Puis, rejetant la couverture qu'il avait attachée autour de lui pour se garantir du froid, il boutonna soigneusement la redingote étriquée et usée qui composait toute sa garde-robe. Il prit son chapeau, qu'il enfonça sur son front d'un mouvement sec.
Encore une fois il jeta les yeux autour de lui.
Peut-être cherchait-il un dernier encouragement. Peut-être se disait-il que tout à coup une voix allait s'élever, qui lui crierait de prendre courage....
Fol espoir! Seule, la misère froide et hideuse répondit à ce regard désespéré.
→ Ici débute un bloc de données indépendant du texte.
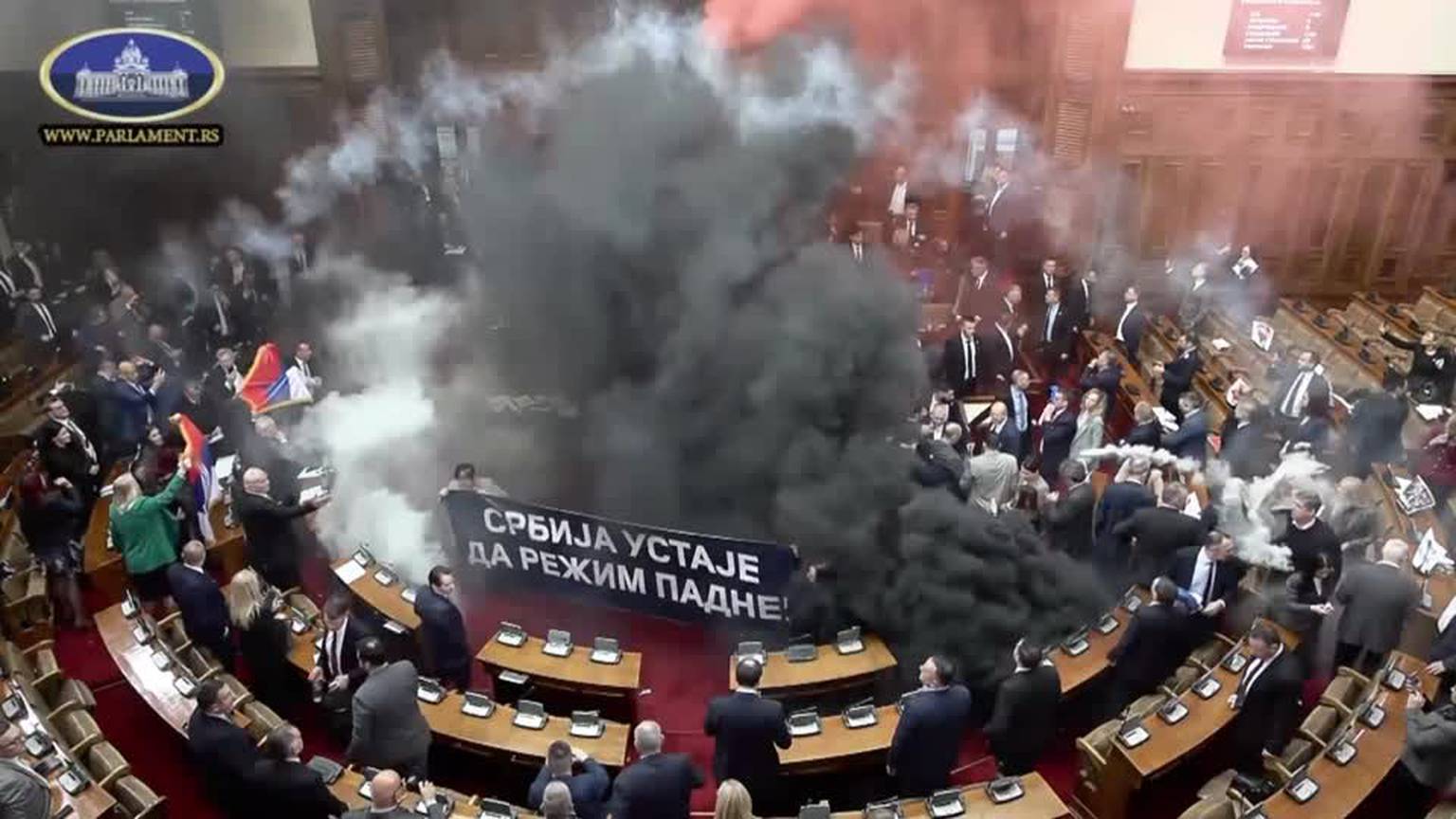 Video: Serbian opposition lawmakers throw smoke grenades, tear gas inside parliament [Video]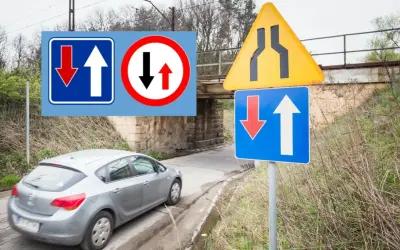 Znaki drogowe informują o pierwszeństwie przejazdu i zwężeniu drogi. Kierowca musi wykonać manewr wymijania.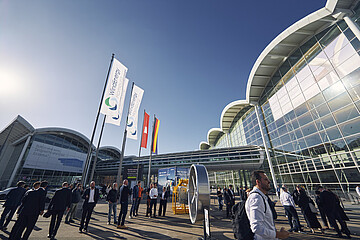 Besucherinnen und Besucher vor den Messehallen der Hamburg Messe während der WindEnergy Hamburg. Vor dem Gebäude stehen Fahnen der Veranstaltung und eine technische Ausstellungskomponente im Außenbereich.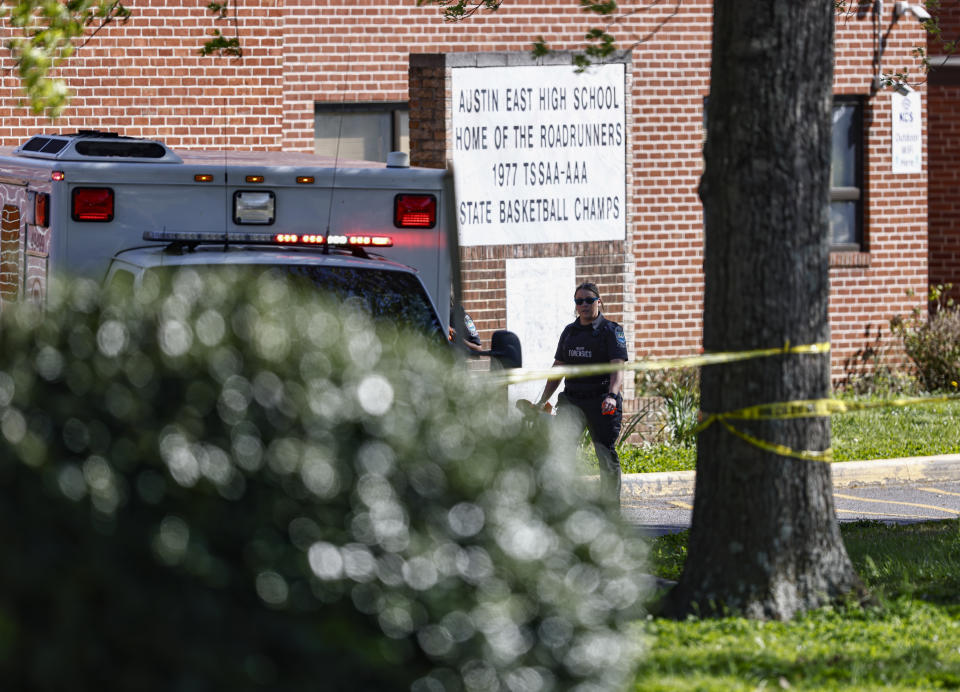 A member of the Knoxville police forensics team works the scene of a shooting at Austin-East Magnet High School in Knoxville, Tenn., Monday, April 12, 2021. (AP Photo/Wade Payne)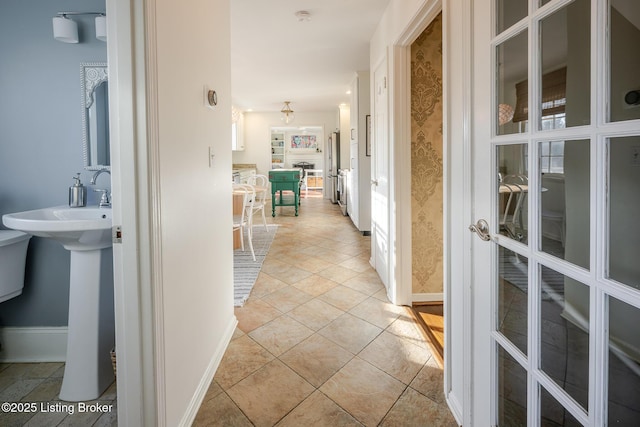 217 Sequoya Rd, Louisville, KY 40207 - hallway with baseboards and french doors
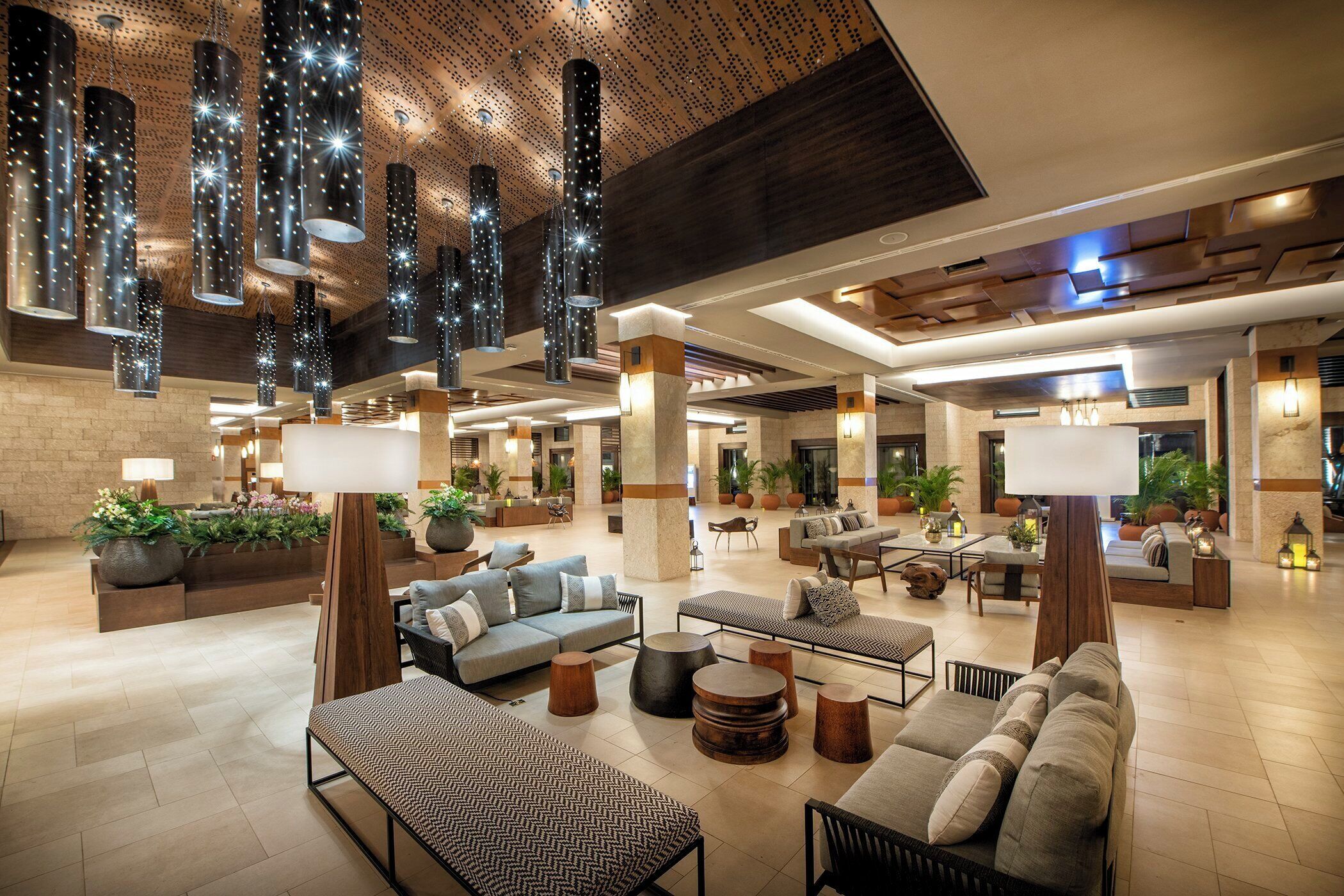 A spacious lobby with multiple seating areas, a high ceiling with hanging lights, and a mix of modern and traditional decor.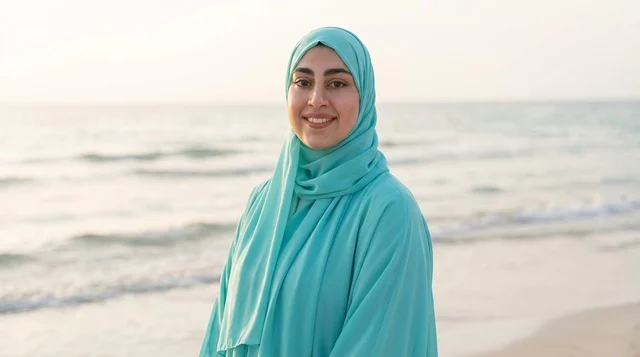 امرأة عربية بعباءة فيروزية على شاطئ البحر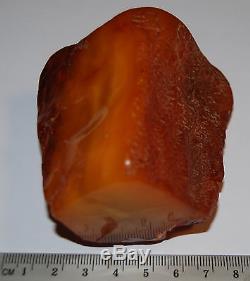 Natural Baltic Amber Stone. Egg Yolk/Buttescotch/Brindled color. 133 g (a442)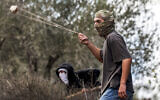 A masked Jewish extremist swings a slingshot while hurling stones at Palestinians who had gathered for the annual olive harvest season, during an attack by Israeli settlers on the Palestinian village of Beita, south of Nablus in the West Bank, on October 10, 2025. (Jaafar ASHTIYEH / AFP)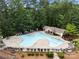 Aerial view of a neighborhood swimming pool and amenity center surrounded by lush trees at 310 Ridge Reserve Dr, Clover, SC 29710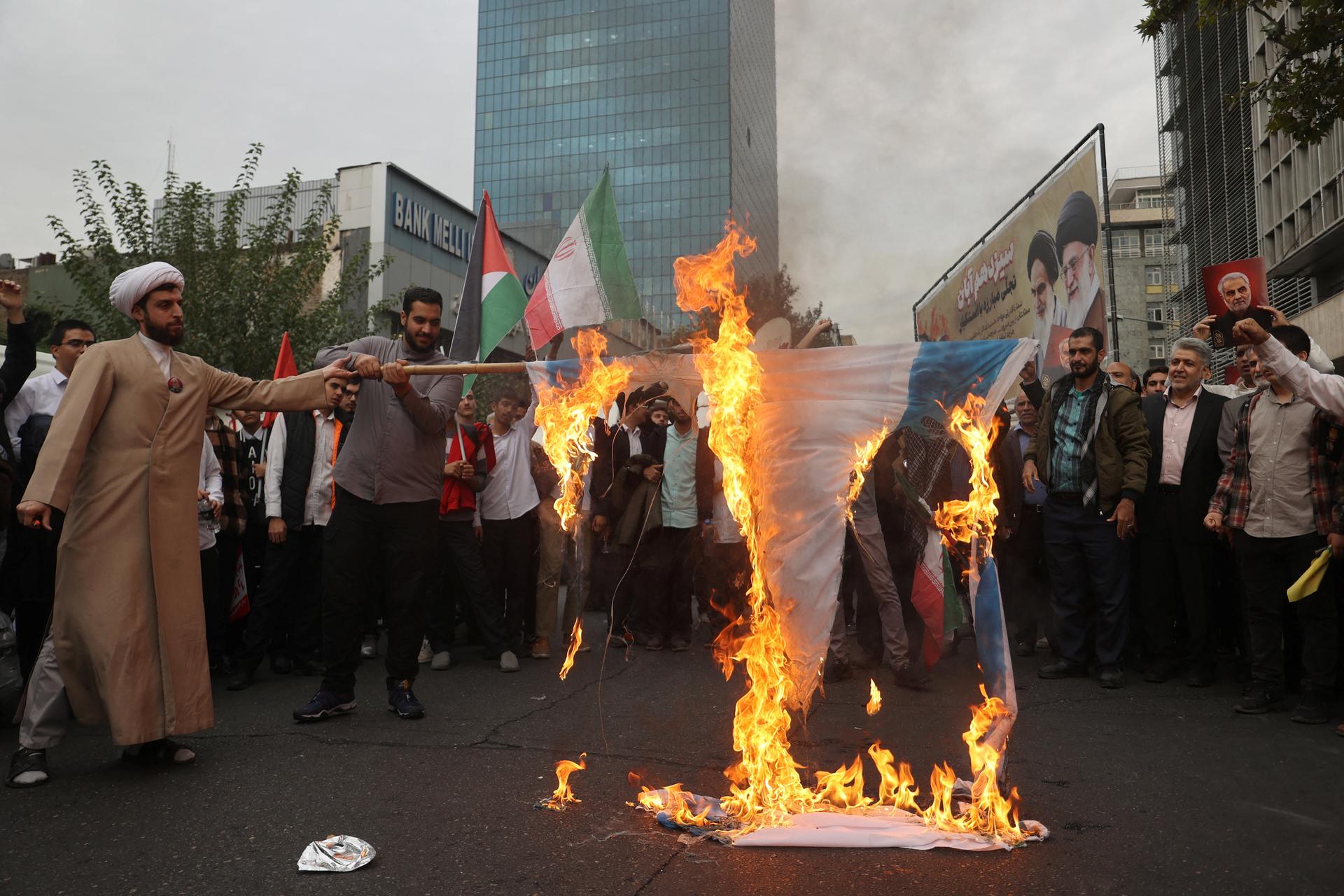 Iranians in Tehran burn an Israeli flag during the 45th anniversary of the U.S. expulsion from Iran, on November 3, 2024.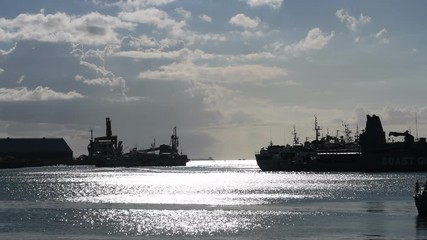 MAURITIUS, MAY 22, 2017. Cargo ships arriving at Port Louis, in Mauritius on May 22nd 2017. 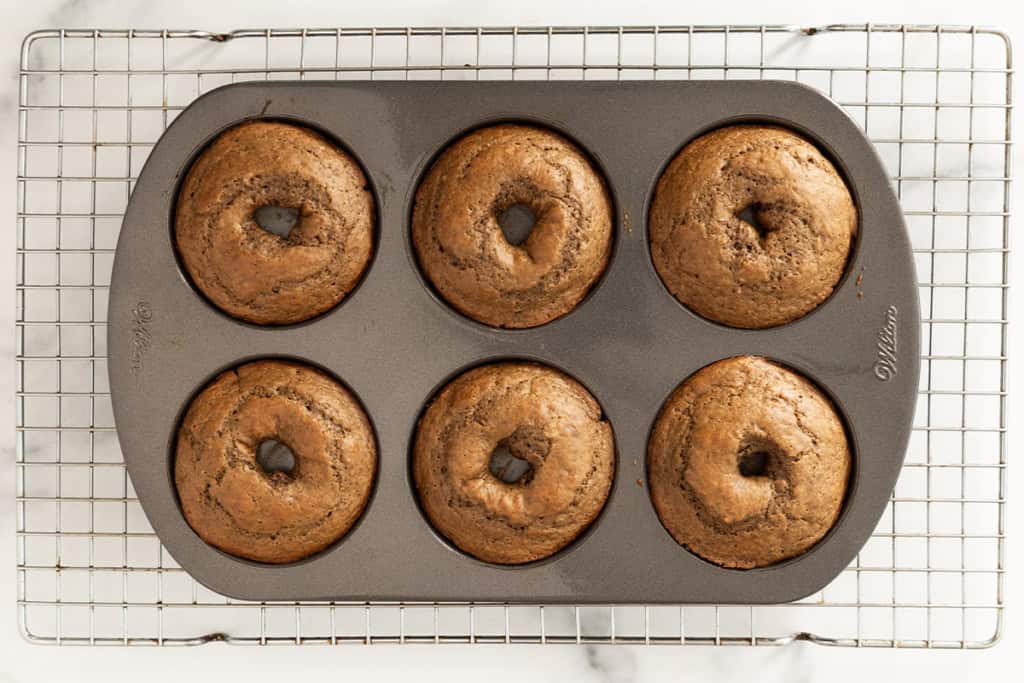 Chocolate baked donuts in donut pan after baking.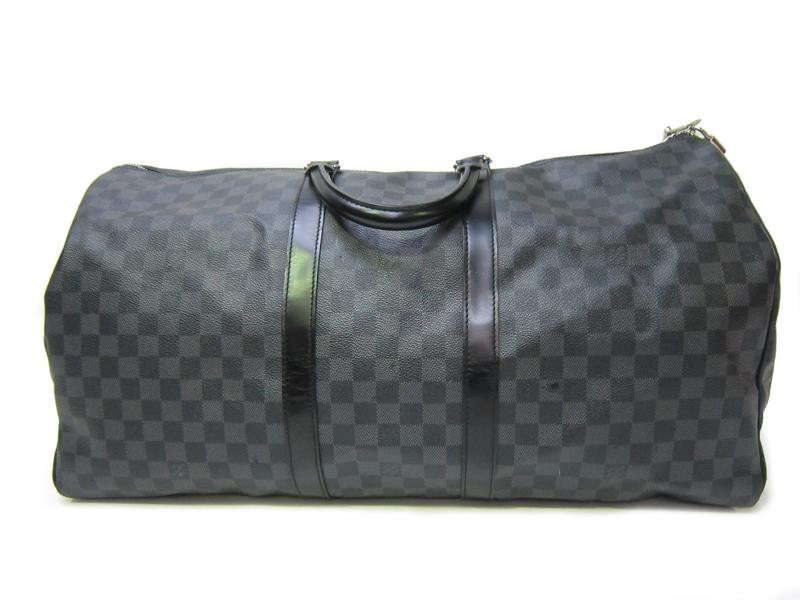 Appraisal: A LOUIS VUITTON KEEPALL TRAVEL BAG IN DAMIER GRAPHITE CANVAS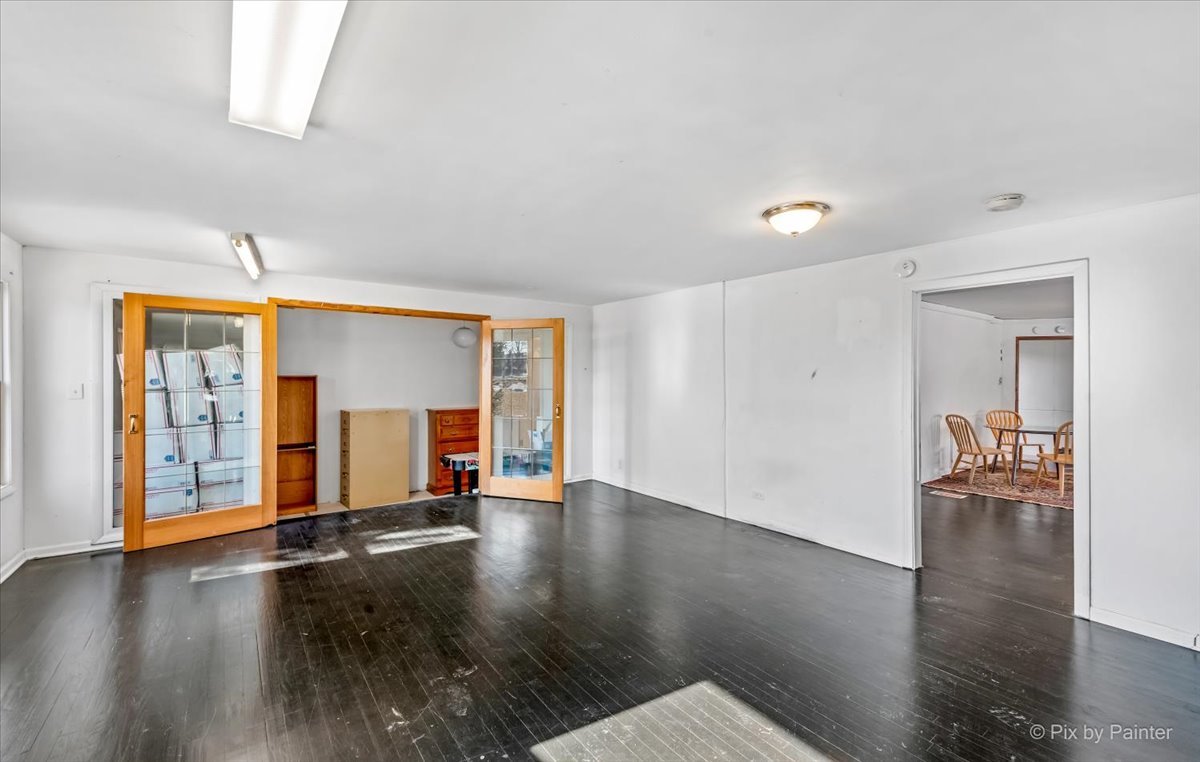 544 Hainesville Road Round Lake Park, IL 60073 - Photo 24 of 50 an empty room with wooden floor and windows
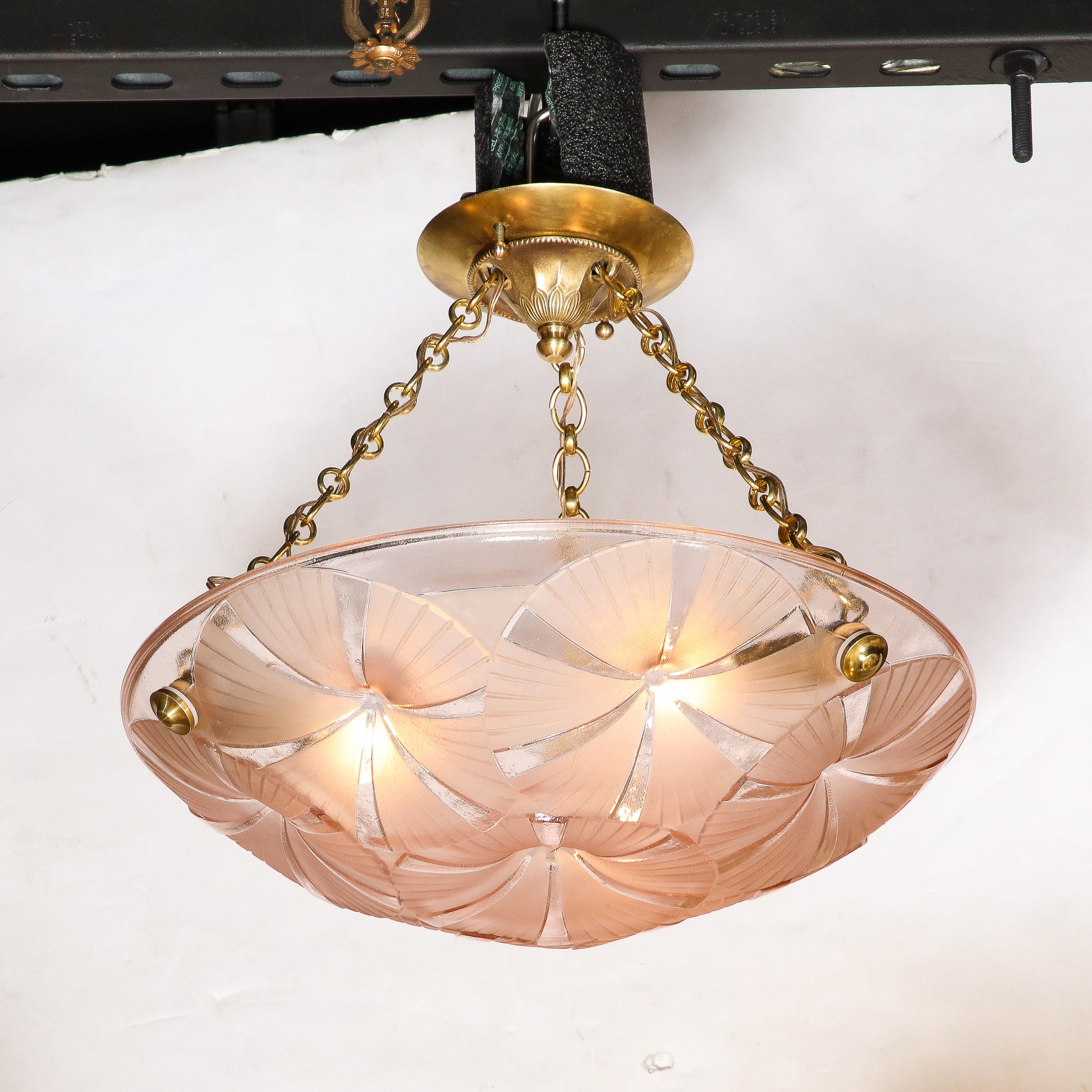 This alluring and materially exquisite Art Deco Pendant Chandelier in Molded & Frosted Rose Glass is signed Degue and originates from France, Circa 1930. Features a single rose hued molded glass shade with abstracted circular geometric motifs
Il passa sa main sur ses yeux. Puis, avec un regard navré, il mit la main sur la serrure.
Il se trouvait sur l'escalier. C'était la route de la mort qui commençait. Chaque marche qu'il franchissait l'entraînait vers le gouffre du suicide.
L'étage qui conduisait à la mansarde, étroit et glissant, conduisait, après une trentaine de degrés, dans le grand escalier, auquel il accédait par une porte basse.
Jusque-là il avait marché dans l'obscurité, s'appuyant au mur pour se guider.
Mais tout à coup il se trouva inondé de lumière.
Pour les heureux d'en bas, l'escalier avait été orné de fleurs; un épais tapis couvrait les degrés, amortissant le bruit des pas. Des lampadères, fixés aux murailles, jetaient les feux croisés des bougies roses.